Recep Tayyip Erdogan, Presidente incumbente e recandidato, justificou a antecipação das eleições presidenciais e legislativas para este domingo com a urgência de implementar um novo “sistema executivo” que enfrente a instabilidade vinda da Síria –isto é, o reforço dos poderes presidenciais à custa do parlamento, decorrente das alterações constitucionais aprovadas no ano passado em referendo renhido.
A par de concentrar poder, Erdogan pretende evitar que o plebiscito ocorra num período de dificuldade económica que já se antevê na inflação, no défice e na desvalorização da lira. O investimento directo estrangeiro caiu para valores de 2010 não apenas por razões económicas, mas como consequência do estado de emergência em vigor desde o golpe de Estado falhado de 2016 e da retórica anti-ocidental de Erdogan.
Embora atribua as dificuldades da economia a urdiduras de “potências estrangeiras”, o Presidente não parece ter soluções viáveis, limitando-se reivindicar um papel mais interventivo e a alimentar um discurso de vitimização que vai ao encontro da onda de nacionalismo sustentada pelo seu eleitorado. A economia será um tema central no plebiscito uma vez que o impressionante crescimento do passado explica em parte os 15 anos de Erdogan no poder.
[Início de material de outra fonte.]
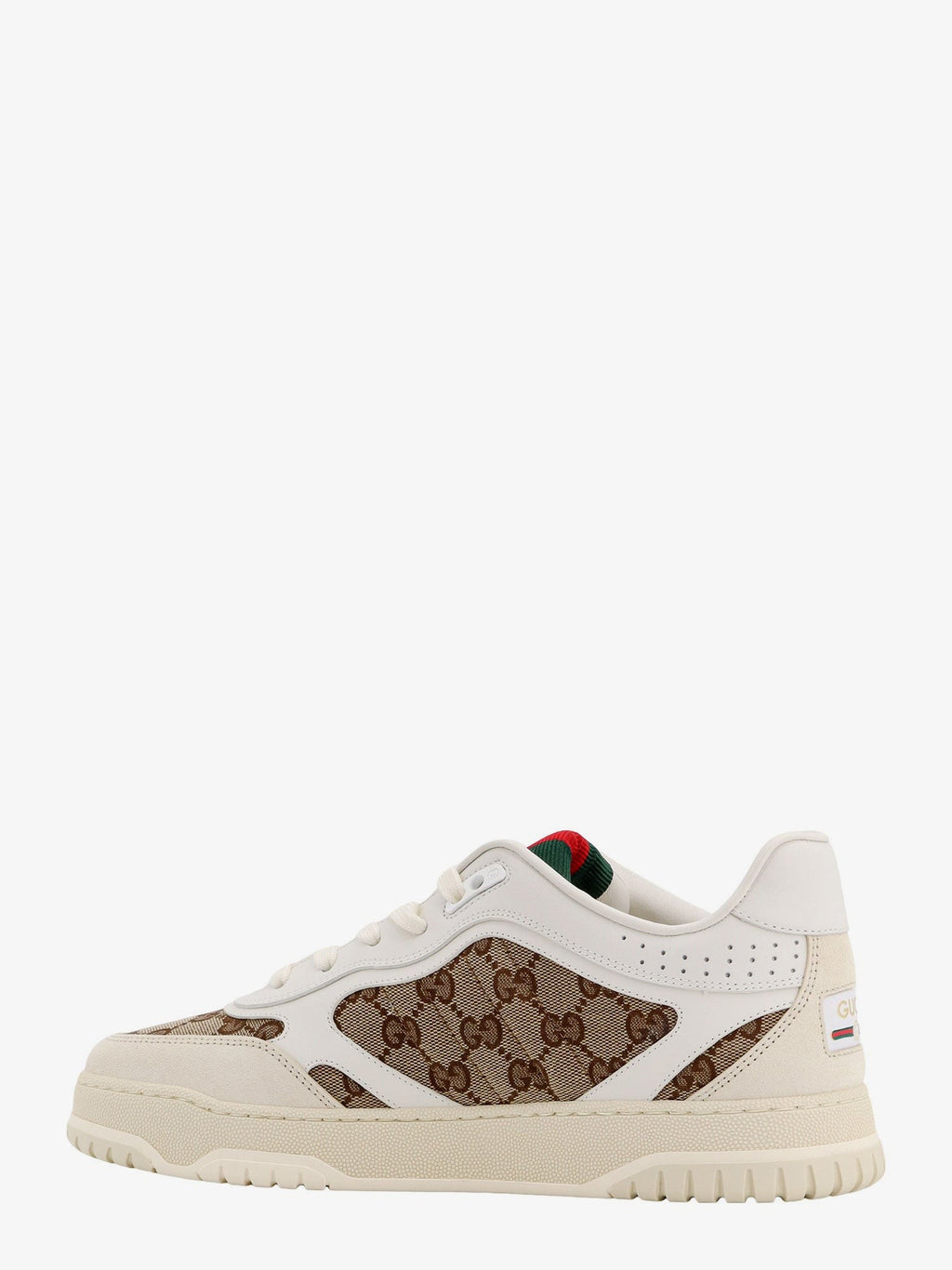 Gucci Re-Web low-top leather and suede sneakers with GG Supreme fabric inserts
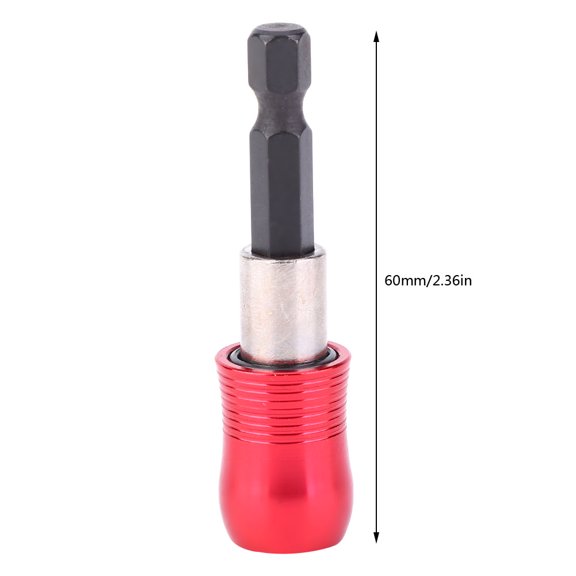 60mm Chrome  Steel 1/4 Inch Hex Magnetic Bit Holder Extension Bar Adapter - Red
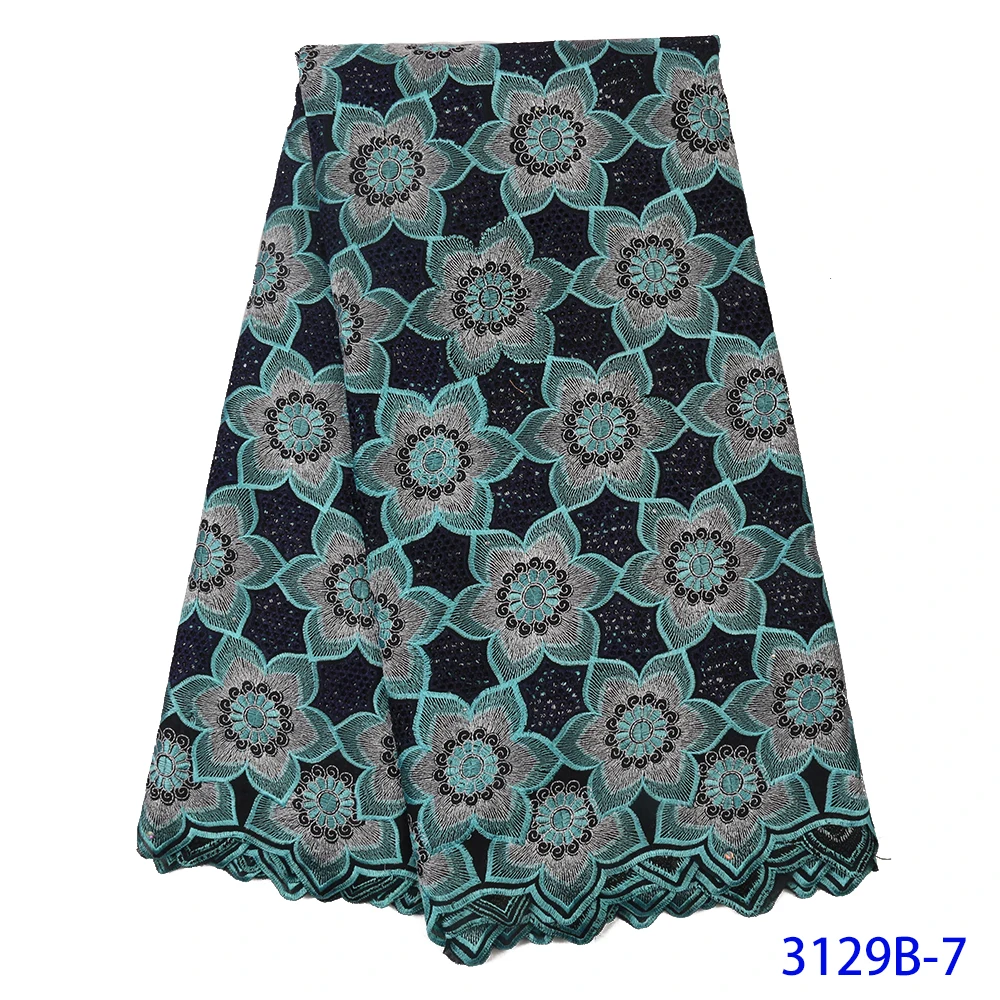 

Latest Design African Dry Lace Fabrics High Quality Cotton Lace Fabric with Stones Swiss Voile Lace fabric QF3129B-7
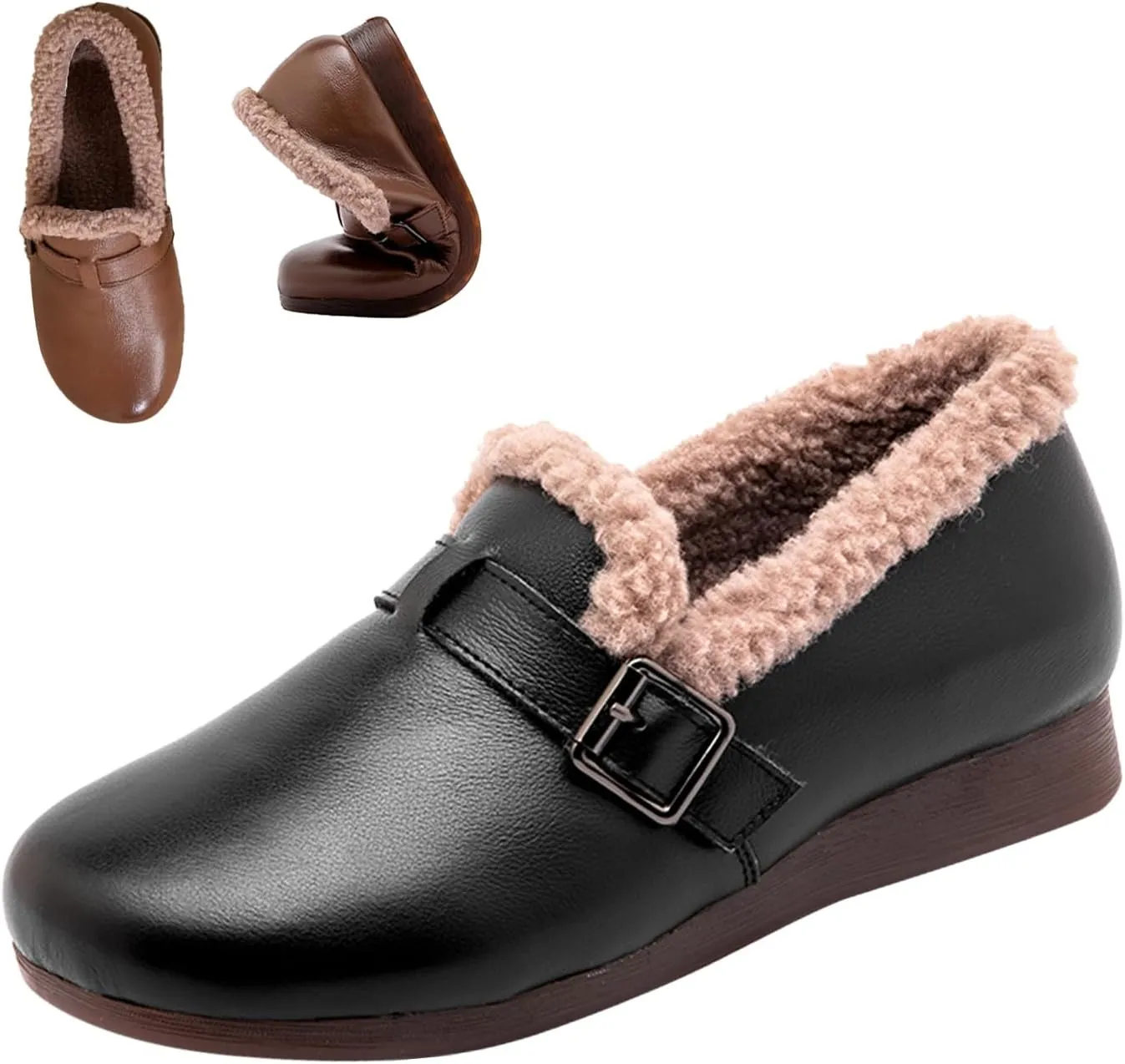 Women's Winter Moccasins Shoes,Lightweight Cozy Fuzzy Lined Non-Slip Softsole Metal Buckle Leather Casual Flat Slippers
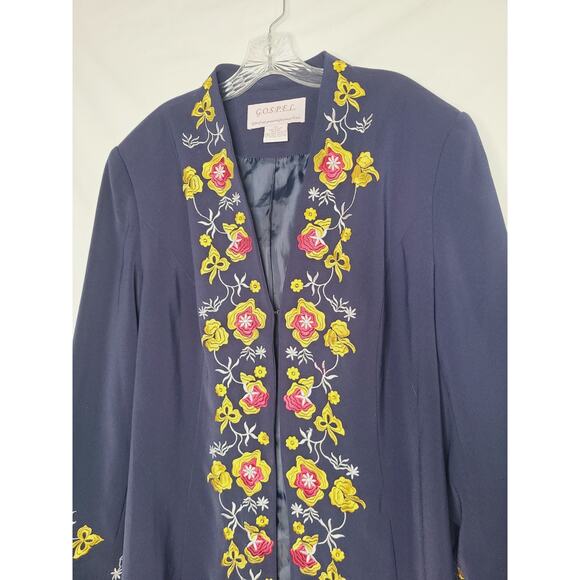 GOSPEL Floral Embroidered Navy Blue Coat Jacket Long Blazer Plus Size 20W Boho - Picture 3 of 10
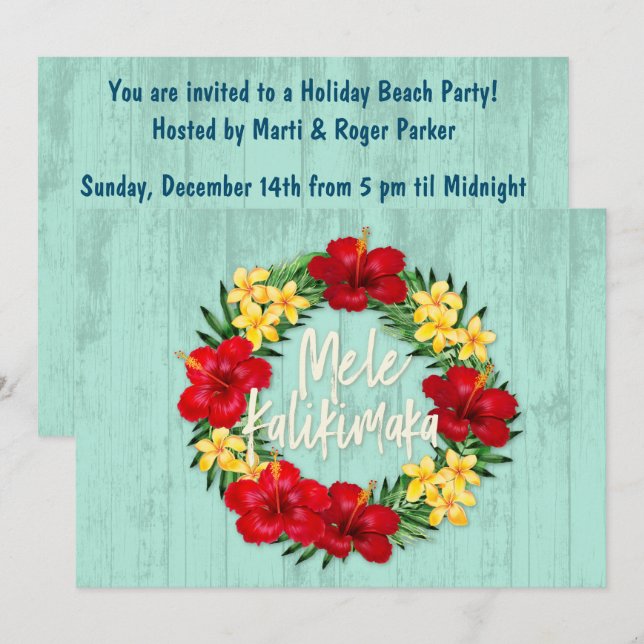 Invitación Paraíso tropical Hawái Madera Wreath (Anverso / Reverso)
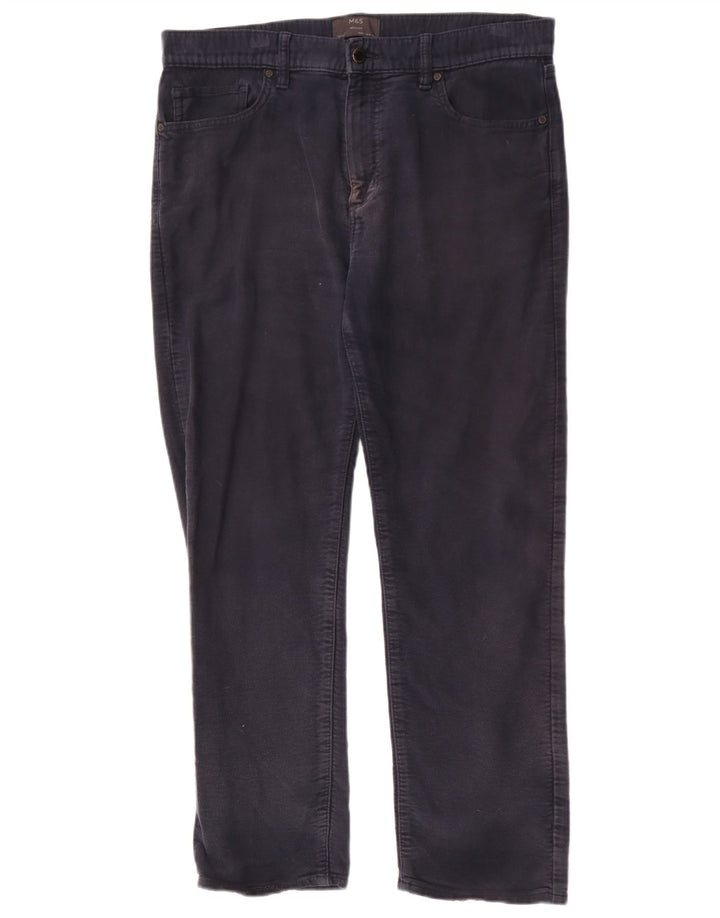 Pantaloni casual regolari da uomo Marks & Spencer W36 L29 cotone blu navy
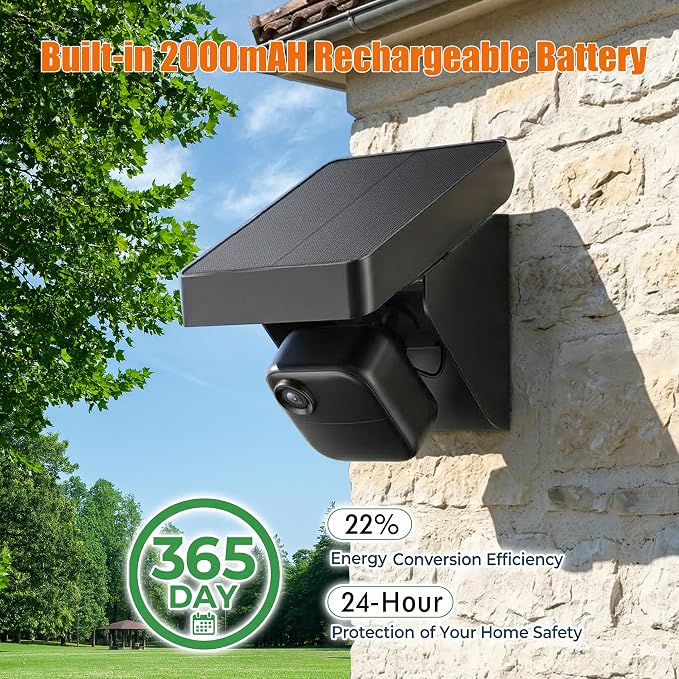 Solar Panel for Blink Outdoor 2K+/4(4th Gen)/(3rd Gen) XT3 and XT2/XT Camera, Solar Panel Charger Mount for Blink Camera with Built-in Battery, Waterproof, Adjustable Angle(Camera not Included)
O carisma e habilidade de Erdogan não evitaram a divisão do país ao meio, como demonstrado pelo referendo de 2017. Dessa divisão surgiu o partido Iyi, de Meral Aksener, antiga Ministra do Interior e ex-militante do partido conservador MHP, agora coligado com o AKP de Erdogan. Opositora ao status quo, Aksener promete liberalização económica e reverter a deriva autoritária do Estado. Goza de apoio do eleitorado jovem e urbano, mas está por saber a sua implementação fora das grandes cidades, onde o AKP é quase hegemónico.
De resto, o escrutínio dos resultados terá uma importância acrescida. A lei eleitoral, revista este ano sob polémica, contempla medidas que afectam a lisura do processo, logo a percepção pública de transparência será crucial para aferir a estabilidade social e política a prazo. Se Erdogan for reeleito e a coligação que envolve AKP, MHP e o também nacionalista e conservador BBP obtiver a maioria no Parlamento, o país permanecerá na senda de um regime à imagem do Presidente.
A consolidação de poder favorecerá a redução de purgas no aparelho de Estado e de ataques a liberdades individuais e de imprensa, embora não devam desaparecer por completo, pois uma vitória nas duas frentes aumentará a clivagem política no país. Na economia, o papel interventivo do Estado dissuadirá investimento estrangeiro e promoverá uma cultura de menor equidade nos negócios.
Outro resultado eleitoral criará um contexto inédito. O certo é que Erdogan estará no centro da vida política: ou reforça a sua estratégia, ou tentam desmantelar o seu legado, ou ainda, no caso de presidência e parlamento de tendências distintas, forças de reforço e desmantelamento em competição contínua e tensa. A prazo, a normalização da Turquia será uma ilusão.